Duvall died “peacefully” at his home Sunday in Middleburg, Virginia, according to an announcement from his publicist and from a statement posted on his Facebook page by his wife, Luciana Duvall.

“To the world, he was an Academy Award-winning actor, a director, a storyteller. To me, he was simply everything,” Luciana Duvall wrote. “His passion for his craft was matched only by his deep love for characters, a great meal, and holding court. For each of his many roles, Bob gave everything to his characters and to the truth of the human spirit they represented."

The bald, wiry Duvall didn't have leading man looks, but few "character actors" enjoyed such a long, rewarding and unpredictable career, in leading and supporting roles, from an itinerant preacher to Josef Stalin.

Beginning with his 1962 film debut as Boo Radley, the reclusive neighbor in "To Kill a Mockingbird," Duvall created a gallery of unforgettable portrayals.

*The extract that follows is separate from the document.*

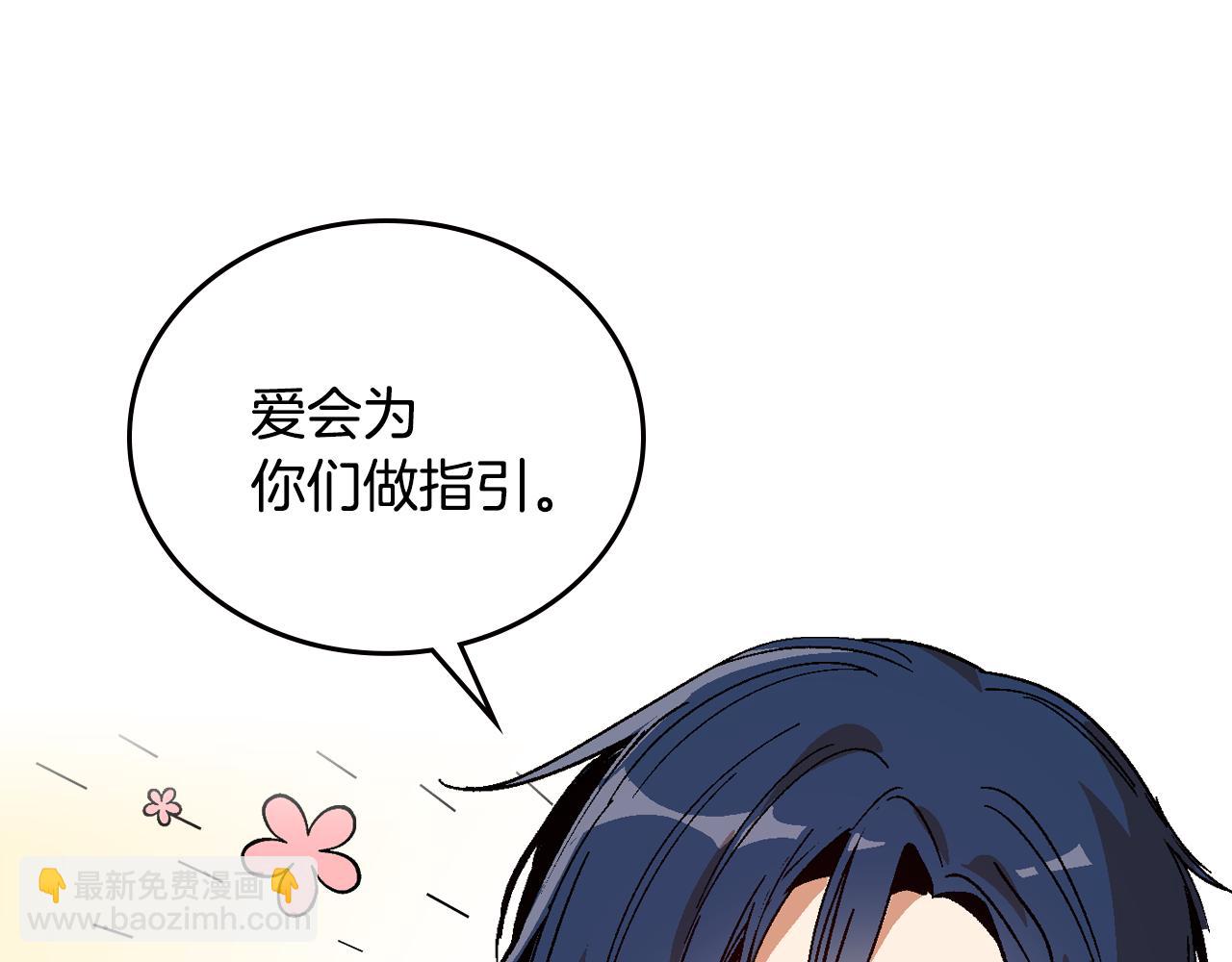 🍸公爵的契约未婚妻 第60话 因爱指引 第46页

They earned him seven Academy Award nominations and the best actor prize for "Tender Mercies," which came out in 1983. He also won four Golden Globes, including one for playing the philosophical cattle-drive boss in the 1989 miniseries "Lonesome Dove," a role he often cited as his favorite.

In 2005, Duvall was awarded a National Medal of Arts.

He had been acting for some 20 years when "The Godfather," released in 1972, established him as one of the most in-demand performers of Hollywood. He had made a previous film, "The Rain People," with Francis Coppola, and the director chose him to play Tom Hagen in the mafia epic that featured Al Pacino and Marlon Brando among others.

Duvall was a master of subtlety as an Irishman among Italians, rarely at the centre of a scene, but often listening and advising in the background, an irreplaceable thread through the saga of the Corleone crime family.

“Stars and Italians alike depend on his efficiency, his tidying up around their grand gestures, his being the perfect shortstop on a team of personality sluggers,” wrote the critic David Thomson. “Was there ever a role better designed for its actor than that of Tom Hagen in both parts of The Godfather?'”

In another Coppola film, "Apocalypse Now," Duvall was wildly out front, the embodiment of deranged masculinity as Lieutenant Colonel Bill Kilgore, who with equal vigour enjoyed surfing and bombing raids on the Viet Cong. Duvall required few takes for one of the most famous passages in movie history, barked out on the battlefield by a bare-chested, cavalry-hatted Kilgore: "I love the smell of napalm in the morning. You know, one time we had a hill bombed, for 12 hours. When it was all over, I walked up. We didn't find one of em, not one stinkin' dink body.

"The smell, you know that gasoline smell, the whole hill. Smelled like — victory.”

Coppola once commented about Duvall: "Actors click into character at different times — the first week, third week. Bobby's hot after one or two takes."